Hitzewelle in Frankreich bringt weitere Rekorde
Die massive Hitzewelle in Frankreich stellt immer neue Rekorde auf: Mit einer durchschnittlichen Mindesttemperatur von 22 Grad hat das Land in der Nacht zum Donnerstag zum zweiten Mal in kurzer Folge die wärmste Nacht seit Beginn der Aufzeichnungen erlebt. Der vorherige Höchstwert war mit 21,6 Grad erst in der Nacht zum Dienstag erreicht worden. Dienstag und Mittwoch waren zudem die heißesten Tage seit Aufzeichnungsbeginn.
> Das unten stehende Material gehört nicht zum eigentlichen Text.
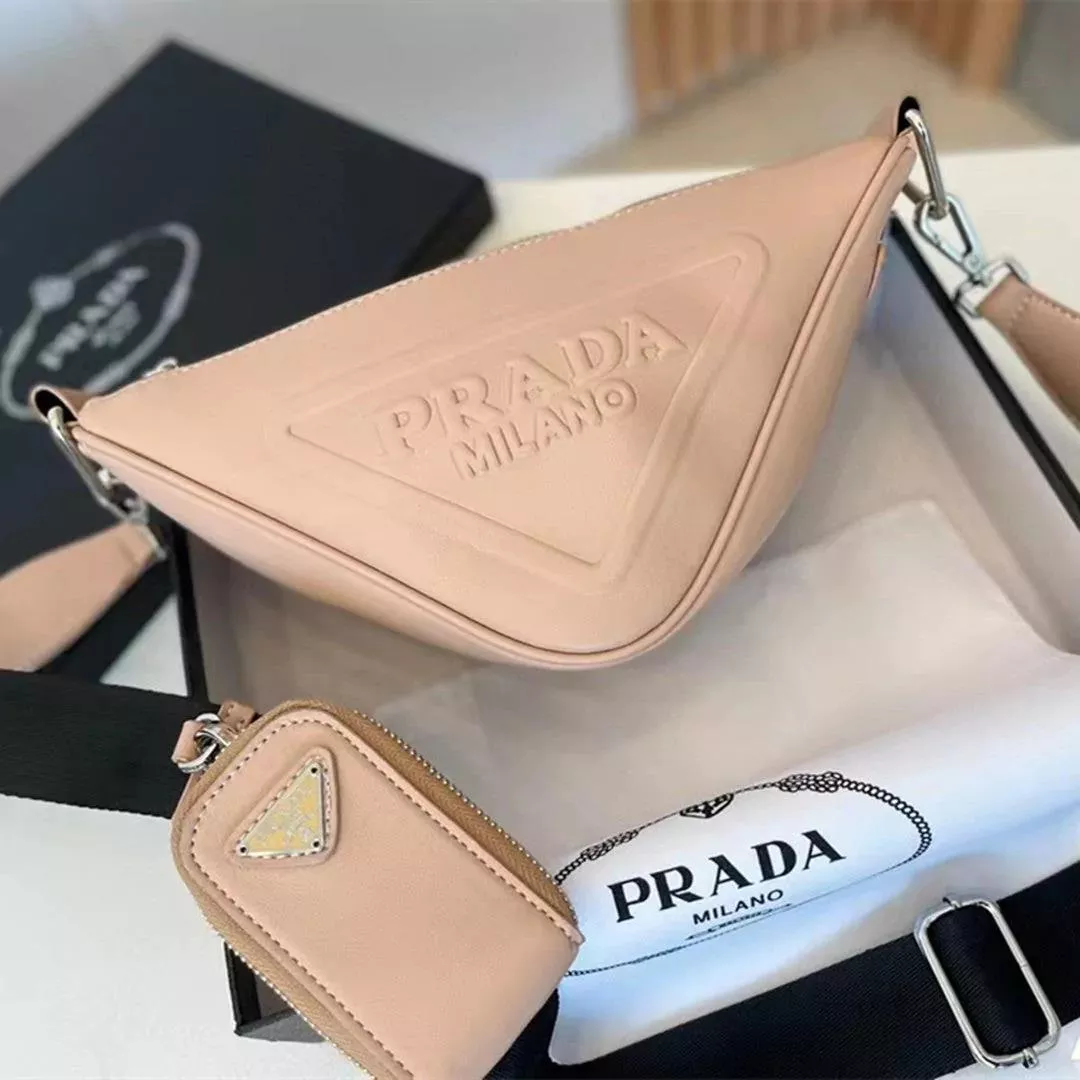 ②感謝の気持ちを込めた限定特典：バッグ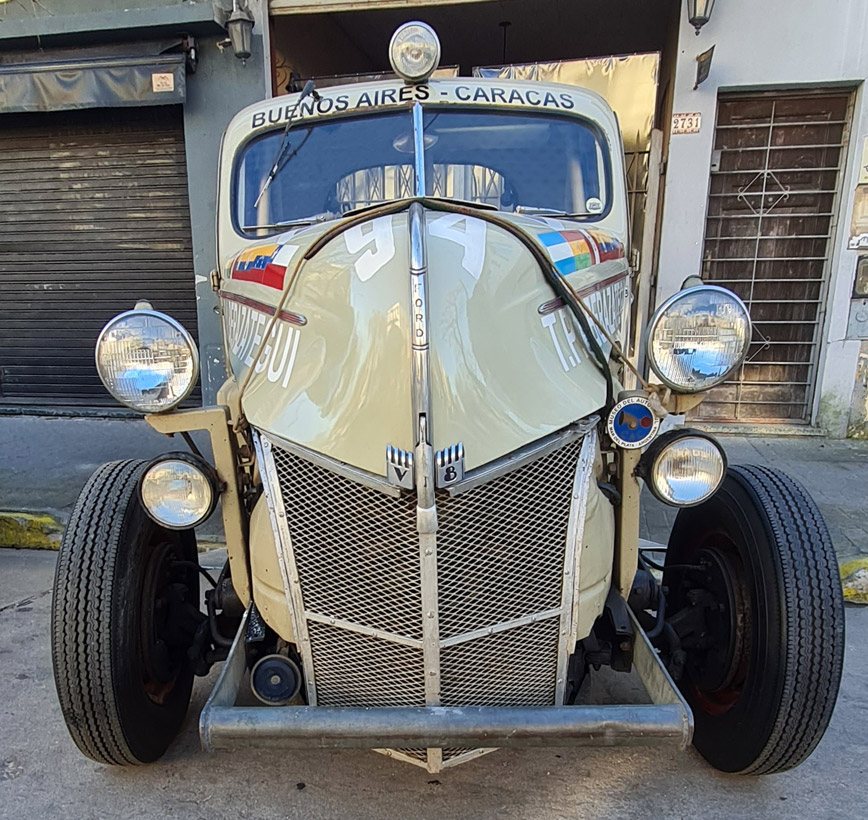 Ford TC - Foto 2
Am Mittwochnachmittag starb ein Dreijähriger nahe Paris im Auto seiner Eltern. Nach Angaben der Staatsanwaltschaft war das Kind in einem unbeobachteten Moment selbstständig in das Auto geklettert. Da die Kindersicherung aktiviert war, konnte es anschließend nicht wieder hinaus. In der Sonne heizen sich Autos rasend schnell auf, sodass der Tod durch Hitzschlag droht.
Frankreichs Premierminister Sébastien Lecornu rief die höchste Bereitschaftsstufe für das Gesundheitssystem des Landes aus. Ziel sei es, "dem Gesundheitssystem zu ermöglichen, auf Dauer durchzuhalten und die Verwundbarsten zu schützen", erklärte er. Unter anderem soll das Krankenhauspersonal aufgestockt werden, nicht notwendige Operationen können verschoben werden.
Derzeit gilt in 72 von 101 französischen Départements die höchste Warnstufe - damit sind so viele Départements betroffen wie nie zuvor. In Paris war das Thermometer am Mittwoch auf 40,3 Grad geklettert. Es war erst das vierte Mal in 150 Jahren, dass in der Hauptstadt die 40-Grad-Marke überschritten wurde. Die landesweit höchste Temperatur wurde mit 43,8 Grad im Westen des Landes gemessen.
Die Gewerkschaft CGT appellierte an die Regierung, staatlich finanzierte Kurzarbeit bei Hitzewellen einzuführen. Die Regierung solle zudem Arbeit auf Baustellen am Nachmittag verbieten, sobald die höchste Hitze-Warnstufe gelte. Das Bildungsministerium meldete 3500 geschlossene Schulen, in 10.000 weiteren Schulen wurden die Stundenpläne an die hohen Temperaturen angepasst.